## WHAT IS REQUIRED
Retype, word for word, only the lines from the one with "this 250×188 image." through the last line of the data below.

"""

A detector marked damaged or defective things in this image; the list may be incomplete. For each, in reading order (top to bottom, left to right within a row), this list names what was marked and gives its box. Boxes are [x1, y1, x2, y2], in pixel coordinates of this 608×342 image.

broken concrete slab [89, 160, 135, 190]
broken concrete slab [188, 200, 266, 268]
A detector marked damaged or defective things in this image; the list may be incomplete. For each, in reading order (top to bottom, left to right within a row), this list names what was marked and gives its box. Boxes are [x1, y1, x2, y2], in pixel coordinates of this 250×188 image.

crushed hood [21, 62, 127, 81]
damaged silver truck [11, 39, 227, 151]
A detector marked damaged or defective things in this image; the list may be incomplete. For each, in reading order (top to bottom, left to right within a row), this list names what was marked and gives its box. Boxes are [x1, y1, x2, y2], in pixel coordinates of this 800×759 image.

"""

## RESPONSE AREA
A detector marked damaged or defective things in this image; the list may be incomplete. For each, in reading order (top to bottom, left to right within a row), this list names what was marked and gives its box. Boxes are [x1, y1, x2, y2], in pixel coordinates of this 250×188 image.

crushed hood [21, 62, 127, 81]
damaged silver truck [11, 39, 227, 151]
A detector marked damaged or defective things in this image; the list may be incomplete. For each, in reading order (top to bottom, left to right within a row), this list names what was marked and gives its box. Boxes are [x1, y1, x2, y2], in pixel coordinates of this 800×759 image.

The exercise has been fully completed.